**Exercise aim:** Return every line of the data below exactly, but do not include the images.

**Data excerpt:**
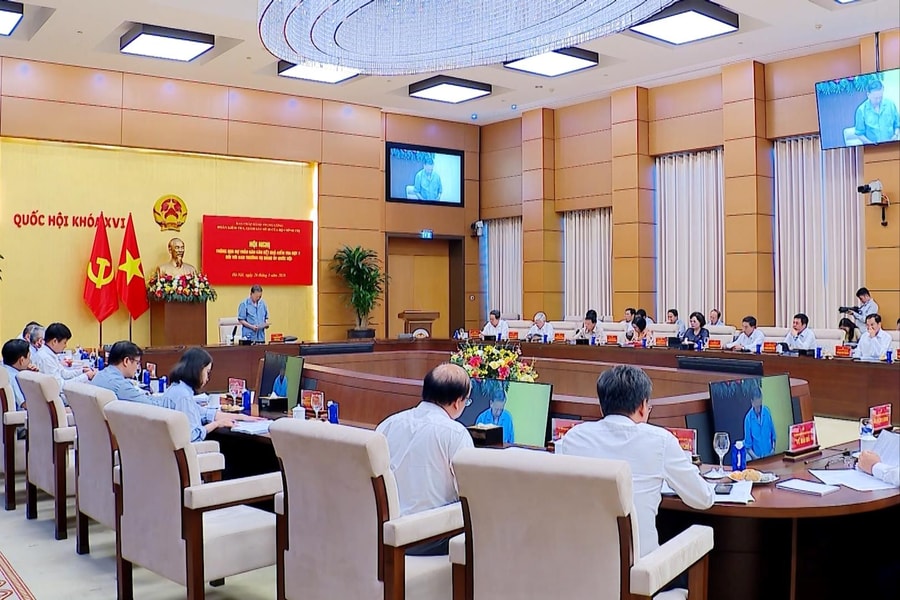 Tập trung phát hiện và tháo gỡ hết những điểm nghẽn về thể chế
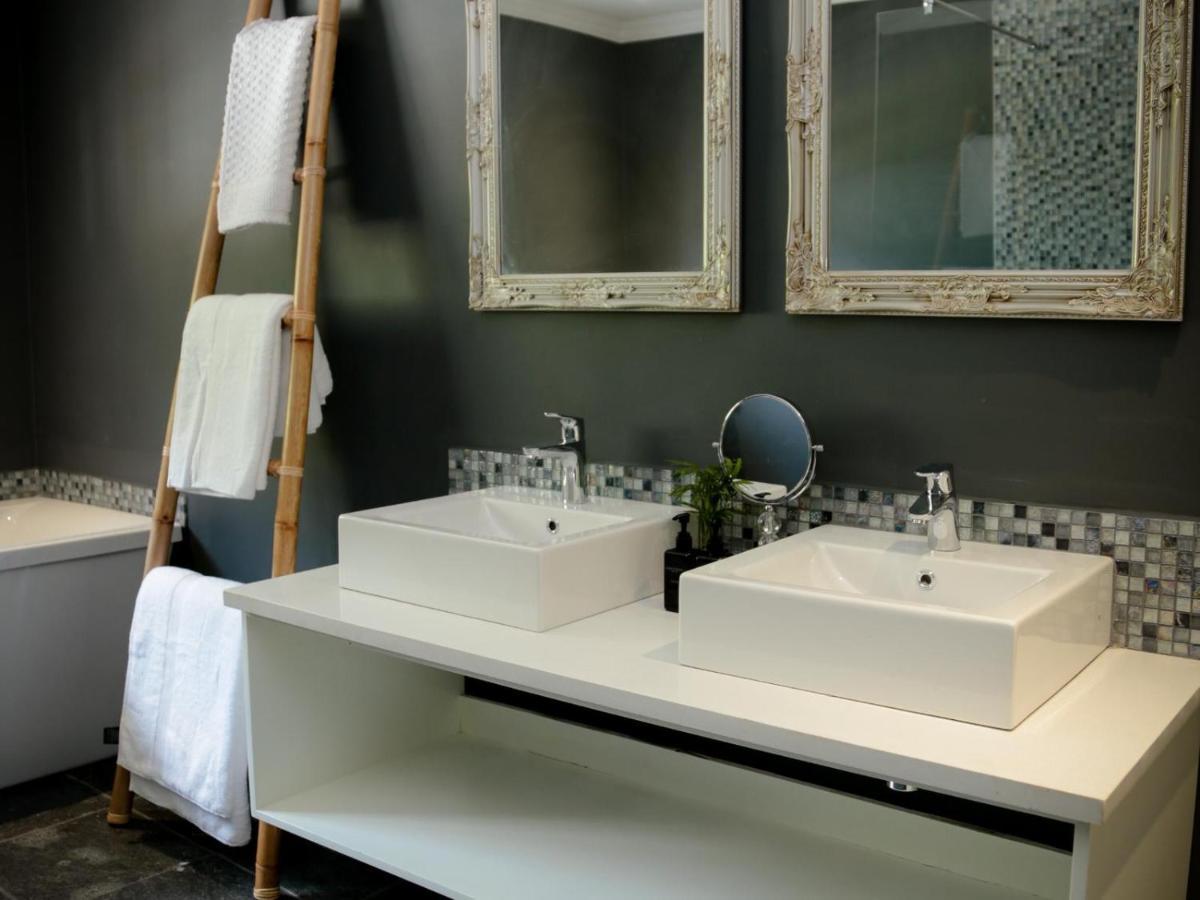 אזולוויני Mogi Boutique Hotel מראה חיצוני תמונה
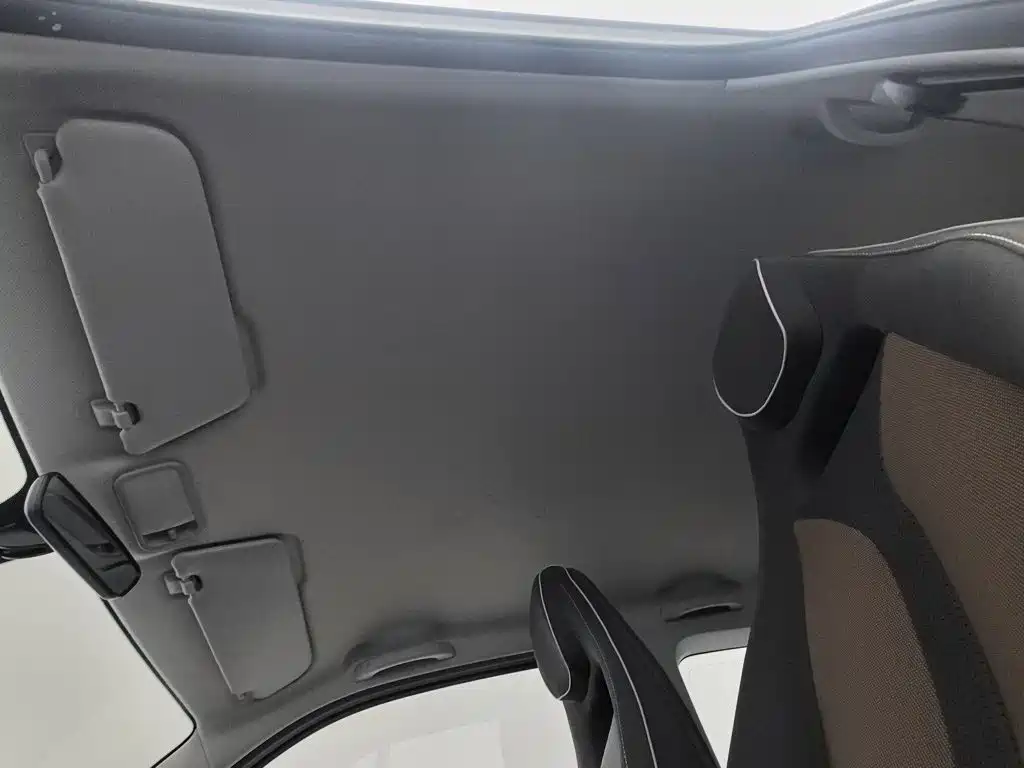 Wuling MINIEV — миниатюра 14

**Answer box:**
 Tập trung phát hiện và tháo gỡ hết những điểm nghẽn về thể chế
 אזולוויני Mogi Boutique Hotel מראה חיצוני תמונה
 Wuling MINIEV — миниатюра 14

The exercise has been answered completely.